ESPE Abstracts (2018) 89 P-P2-088

Relationship Between Residual Endogenous Insulin Secretion and Glycemic Control in Japanese Children and Adolescents with Type 1 Diabetes

Ikuma Musha, Hiroshi Kawana, Junya Akatsuka, Akira Ohtake, Shin Amemiya & Toru Kikuchi


Saitama Medical University, Saitama, Japan


Background: Difficulty of glycemic control varies among subjects with type 1 diabetes (T1D). Influence of residual endogenous insulin detected by serum C-peptide (CPR) levels has noted to be on glycemic control. Flush glucose monitoring (FGM) detects glucose concentration in intercellular fluid (sensor glucose) every 15 minutes to reveal daily glucose profiles.

Aims: We tried to clarify the relationship between serum CPR and the excursion of blood glucose using FGM in Japanese children and adolescents with T1D.

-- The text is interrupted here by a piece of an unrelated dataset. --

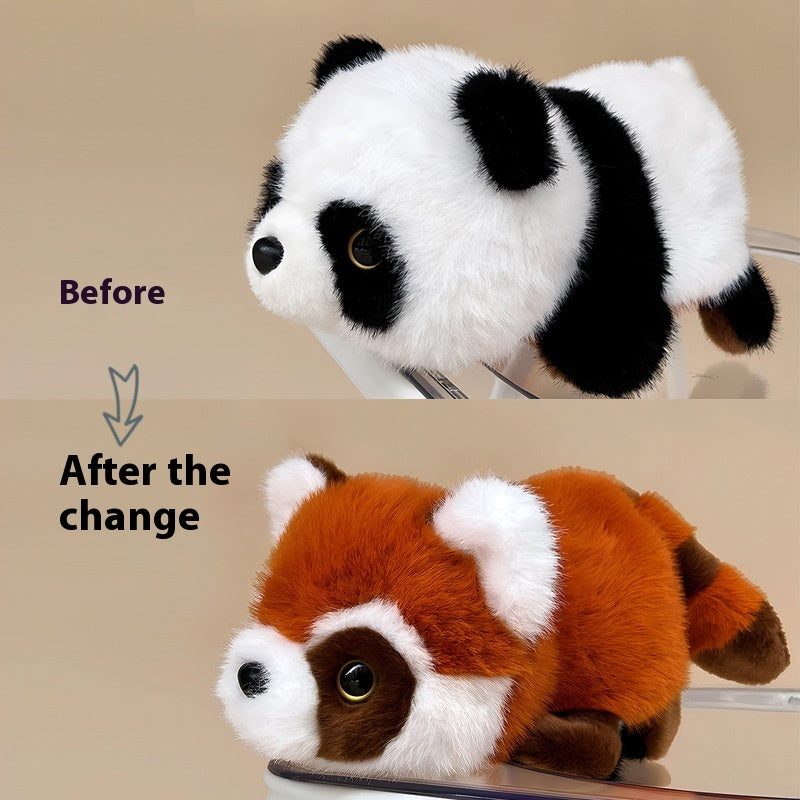 Plüsch-Roter Panda-Puppe Spielzeug Kindergeburtstagsgeschenk Plüschspielzeug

Subjects and methods: Eighteen (male 6: female 12) childhood onset T1D were enrolled at Saitama Medical University Hospital (6–24 years old, median: 12.5 years old). HbA1c, glycated albumin (GA) and CPR of non-fasting blood sample were measured. Sensor glucose values were measured using FreeStyle Libre Pro (Abbott Diabetes Care Inc.). Mean (SGM), standard deviation (SGSD) and coefficient of variation (SGCV=SGSD/SGM) of sensor glucose values were calculated. The subjects were divided into 2 groups of depletion and non-depletion defined at the level CPR ≤0.01 ng/ml. We analyzed the relationship between serum CPR as the objective variable and glycemic control markers (HbA1c, GA, SGM, SGSD and SGCV) using Spearman’s rank correlation coefficient, and compared glycemic control markers between 2 groups using Wilcoxon signed-rank test.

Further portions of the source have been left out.